Piker’s perfidy has no place in our party

On Wednesday, Congressmen Josh Gottheimer and Mike Lawler introduced a bipartisan House resolution condemning the antisemitic rhetoric of Hasan Piker on the far left and Candace Owens on the far right. Antisemitism is a moral problem, not a partisan one, and this resolution treats it as such.

As the first Jewish Latina lawmaker elected in the United States and the legislator who passed Holocaust and genocide education legislation in Arizona, I take the normalization of antisemitism personally. This resolution is a welcome statement of principle. But a statement is only as good as the action that follows it, and that is where my concern with my own party begins.

The New York Times once convulsed in internal revolt over publishing an op-ed by Sen. Tom Cotton, with staffers insisting it endangered lives. That moment was supposed to clarify the boundaries of acceptable discourse. Instead, it serves as a useful contrast, because the Times is now elevating Piker, a self-described Marxist streamer who used the paper’s prestige to argue that “petty theft might be the new political protest.” Institutions that once prided themselves on filtering out this kind of rhetoric are now legitimizing it.

It’s beyond question that Piker opposes the Republican Party, which he labels the “biggest domestic terrorist group in America.” But does that make him a good Democrat?

Piker gained notoriety for saying America deserved the Sept. 11 attacks and applauded the jihadi who wounded Rep. Dan Crenshaw, a Navy SEAL who lost his eye in Afghanistan, as “a brave F** soldier [who violated] his eyehole.”

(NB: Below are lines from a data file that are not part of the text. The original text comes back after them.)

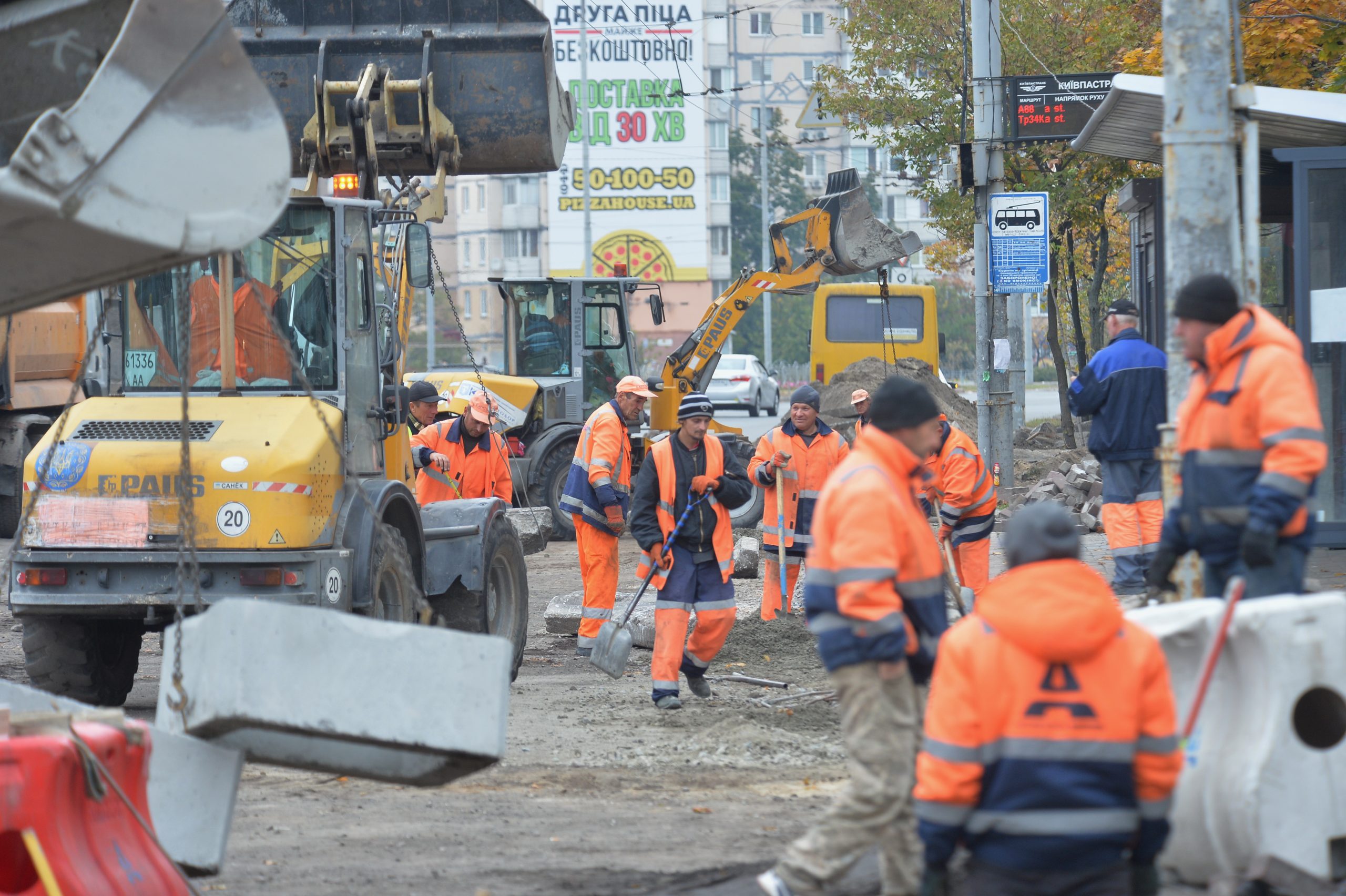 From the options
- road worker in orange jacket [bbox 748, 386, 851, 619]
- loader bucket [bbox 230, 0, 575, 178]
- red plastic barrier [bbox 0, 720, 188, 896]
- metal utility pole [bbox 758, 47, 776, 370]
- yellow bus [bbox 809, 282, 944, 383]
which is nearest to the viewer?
red plastic barrier [bbox 0, 720, 188, 896]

He has been banned from Twitch seven times, several for using racial slurs, another for calling for the murder of a U.S. senator. He laughed at a Jewish woman who expressed fears over antisemitism and lambasted a Jewish viewer days after the Oct. 7 massacre.

Piker consistently celebrates America’s adversaries. He avowed that “Hamas is a thousand times better than the fascist settler colonial apartheid state,” stated he has “no issue” with Hezbollah, platformed a suspected Houthi member, and justified Russia’s annexation of Ukrainian territory.

His endorsement of Hamas during Oct. 7 is chilling. He justified the killing of babies as legal and moral. He stated: “It doesn’t matter if rape happened on Oct. 7. It doesn’t change the dynamic for me.” He described reports of sexual violence as “rape fantasies” and “rape hallucinations.”

He called a listener who opposed Hamas a “Bloodthirsty pig dog” and called pro-Israel Americans “f*ing rabid ultra-Zionist pigs.” He verbally abused a Vietnamese refugee on stream: “F you, old lady. Shut the F** up, you stupid FG idiotic old lady… F this refugee.”

Democrats who elevate Piker are playing a losing hand. Despite the allure of his online following, Piker, now known for xenophobia, terror support, misogyny, and cruelty, will taint the Democratic brand and alienate the very voters candidates hope he will bring: women, minorities, Jewish voters, and moderates.

As an elected Democrat, I know our tent is big, but it should not be big enough for Piker. Our consultants are right to energize the youth vote. But demeaning our brand through association with vulgar demagogues is a losing strategy. If we give control of our messaging to hateful people like Piker, they will run away with our image, and what is left will look nothing like the rights-oriented Democratic Party that millions of us have always called home.